Rank #215 means 214 of the 622 freezer models we track cost less to run each year; the 56th efficiency percentile means it uses less energy for its size than 56% of those models.

Freezers
$73/yr
Estimated running cost
Our read

What does the Hisense HFU140N6CWE cost to run per year?

At roughly $73 a year to run, ranking #215 of 622, the Hisense HFU140N6CWE costs less than the typical freezer model we track. It uses 10% less energy than the U.S. federal standard model in its class, which would cost about $81/yr to run, a saving of roughly $8 a year. Its size-adjusted efficiency percentile of 56 lands in the middle of the pack once capacity is accounted for. This class has no published efficiency-factor figure beyond annual kWh itself, so at 13.6 cu ft (the class spans 1.1 to 23), size is the clearest lever we can point to for this model's running cost.

Immediately around it on the leaderboard, the Hisense FV14C7BWE at $73/yr runs a little cheaper and the Insignia NS-UZ14****** at $73/yr runs a little more, a sense of how tightly models are packed at this point in the ranking. A freezer typically stays in service for somewhere around 14 years; over that span, the Hisense HFU140N6CWE's $73/yr adds up to roughly $1022 in electricity alone, before purchase price or repairs.

Also sold as: Elisii DECVC138W.

$6.05per month #215of 622 on cost 56thefficiency percentile

By the numbers

The Hisense HFU140N6CWE normalized against its whole class, so each figure means something.

Normalized against class0 · 50 · 100%
Annual energy391 kWh
Energy vs US standard10% less
Size-adjusted efficiency56th percentile
-$8
Cheaper to run every year than a standard freezer model at $81/yr. That is $80 saved over a 10 year life.
Freezers
$73
Per year
Hisense HFU140N6CWERank #215 of 622 in class

What it costs you over time

Running cost is an every-year number, so it compounds. At $73/yr, here is what the Hisense HFU140N6CWE adds up to before purchase price, water, or repairs enter the math.

1 year$73
5 years$365
10 years$730

Left running for a decade at today's US average rate, the Hisense HFU140N6CWE costs about $730. That is roughly $80 less than a standard model in its class, which would run closer to $810 over the same ten years.

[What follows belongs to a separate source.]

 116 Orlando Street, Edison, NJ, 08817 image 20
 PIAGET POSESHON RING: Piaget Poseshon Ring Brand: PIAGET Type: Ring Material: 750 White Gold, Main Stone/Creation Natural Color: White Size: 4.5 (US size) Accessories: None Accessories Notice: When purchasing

How the Hisense HFU140N6CWE compares

The freezer class we track runs from $25 to $120 a year. At $73/yr, it runs about $2 a year cheaper than the class median of $75, and it is about $48 a year more than the cheapest freezer to run at $25. Against the US federal standard model for its class at about $81/yr, the Hisense HFU140N6CWE uses 10% less energy.

Cheapest in class$25
Class median$75
This freezerThis model$73
Priciest in class$120
US federal standard$81

What drives its running cost

At 13.6 cu ft, the Hisense HFU140N6CWE is a mid-size freezer for its class, which spans 1.1 to 23 cu ft with a median of 13.8 cu ft, neither the size advantage of a small unit nor the size penalty of a large one applies here, so its running cost is a fairer test of efficiency alone.

  • Interior volume. As with refrigerators, more cubic feet of frozen storage generally means a bigger compressor and a higher annual energy figure.
  • Insulation and defrost type. Better-insulated cabinets lose less cold to the surrounding room, and frost-free (automatic-defrost) freezers run a periodic heating element that a manual-defrost model does not.
  • Chest vs upright design. Door orientation affects how much cold air escapes per opening: top-opening chest designs generally hold cold better than front-opening upright ones.

Common questions

Is the Hisense HFU140N6CWE cheap to run?

Yes. Its $73/yr running cost puts it at rank #215 of 622, below what most freezer models we track cost to run.

How much does the Hisense HFU140N6CWE cost per month?

About $6.05 a month, which is the $73 annual estimate spread across twelve months at the US average rate of $0.1856/kWh. Your own bill scales with your local electricity rate and how heavily you use it.

How is this running-cost figure calculated?

The formula is annual kWh times price per kWh: 391 kWh from ENERGY STAR times the US average of $0.1856/kWh comes to about $73 a year. It covers electricity only, not the purchase price, water, or installation.

How efficient is the Hisense HFU140N6CWE for its size?

56th percentile once size is factored in, a fairly typical result for the class.

Source

Source: ENERGY STAR Product Finder · model ID ES_1110877_HFU140N6CWE_050420230523231_4775476View certified freezer listingsENERGY STAR data as of July 2026

Hisense and HFU140N6CWE are used here for identification only and are not endorsements. Figures are computed by WattWise Labs from public ENERGY STAR data, not measured in our own lab.